People seem to become speechless because of my rantings. I don't know exactly how to interpret that:)
When solving problems there are two phases:
  • Trial and error.
  • Calculation.
Trial and error.
To let your unconscious chessmodule release stored patterns it is necesarry to trigger that. The release is triggered by a conscious effort. Scanning the board and making moves in your mind is such conscious effort. In the mean time is this conscious trial and error itself highly dependant from unconscious processes. What makes that you look conscious at Bc4 and forget to look at Bb5? The difference is caused by the unconscious processes that lie beneath.
Thoughtprocesses start out conscious, but soon they are transferred to the unconscious zone and steer from there the conscious trial and error. In the mean time does this trial and error not make a very effective impression.
Is there any need to extend the phase of trial and error to 30 minutes or more for a problem? Does the extra effort for those 30 minutes trigger the emotions that burn the pattern deeper in the brain? Or can you go immediately to the solution in order to make yourself familiar with the new pattern? During the trial and error phase, you don't really calculate. You are merely looking for clues and familiar patterns. When you conduct a game, this trial and error plays a lesser role since you most of the time have an idea what you want to head for. But when you look at a position that doesn't stem from one of your own games, it is more difficult to find a clue.

Calculation.
You can only start to calculate when all major motifs in the position are released by your chessmodule. As said, calculation doesn't seem to be the biggest problem.

1 comment:

  1. I tend to break my training up into problems that I just want to learn but not study, to insert into the unconscious pattern recognition etc machinery. Then there are problems I take tons of time on, especially if they have good annotations. Or, I just play slow games as that makes me practice calculation, time management, and all those aspects of my thought process which I am not even conscious are part of my thought process.

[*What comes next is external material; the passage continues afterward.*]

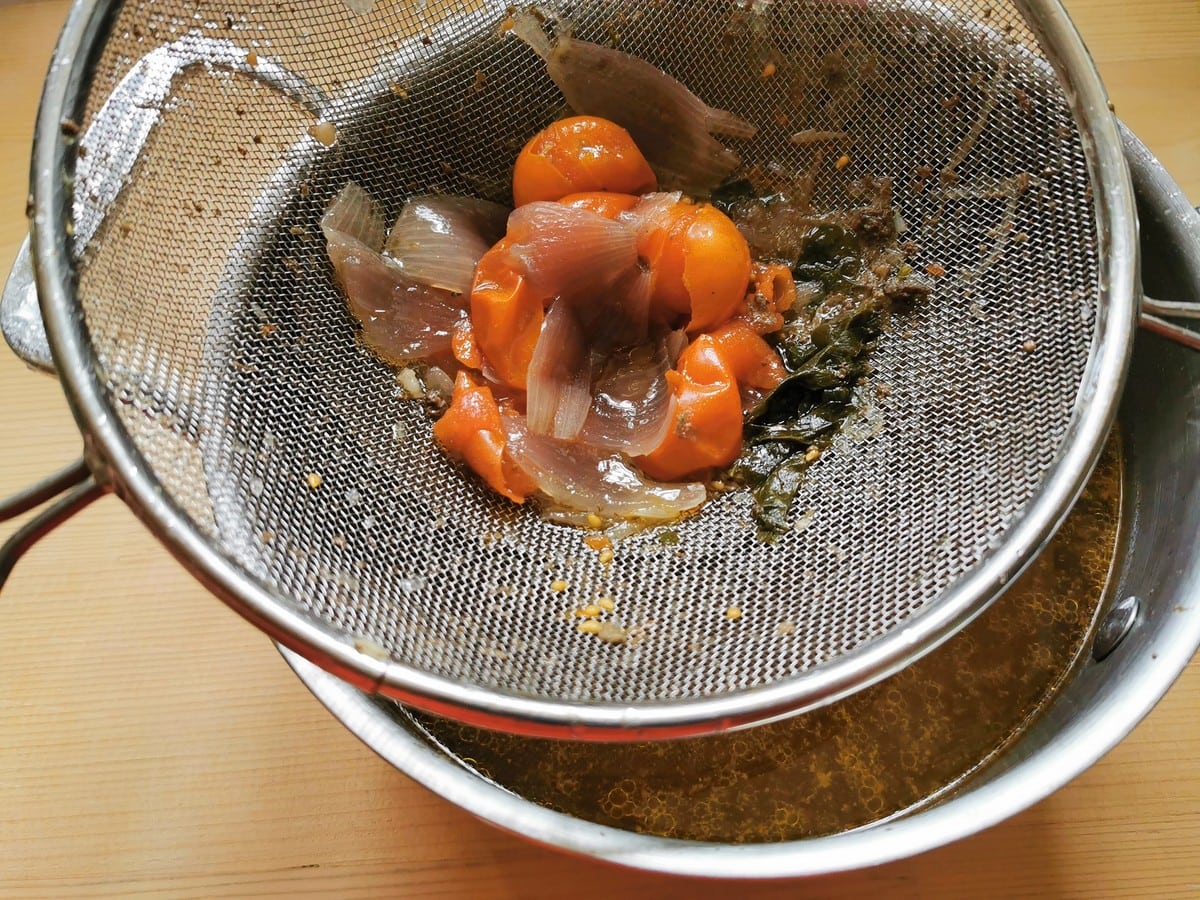 Beef broth being filtered through a fine sieve which has cooked vegetables in it.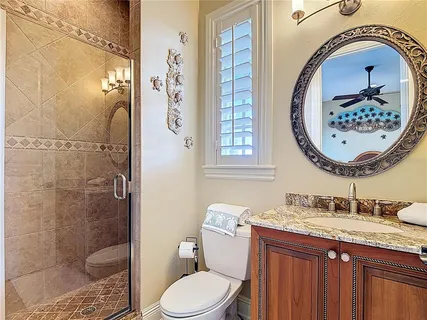 a living room with furniture couch and a potted plant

    Then, when I go over my losses (and some wins) with my coach, he will often point out obvious things I overlooked (e.g., one of our first weeks he was like: this move is obvious--exchange bishops, leaving him with doubled isolated rooks on a half-open file--I don't miss that pattern much anymore!). I could have gotten that from a GM game, perhaps, but very often the GM annotated games are so high level, they are basically at 0.0 evaluation until near the end, which is very much unlike my games that are almost all about gross material threats, and major positional blunders (not subtle positional errors).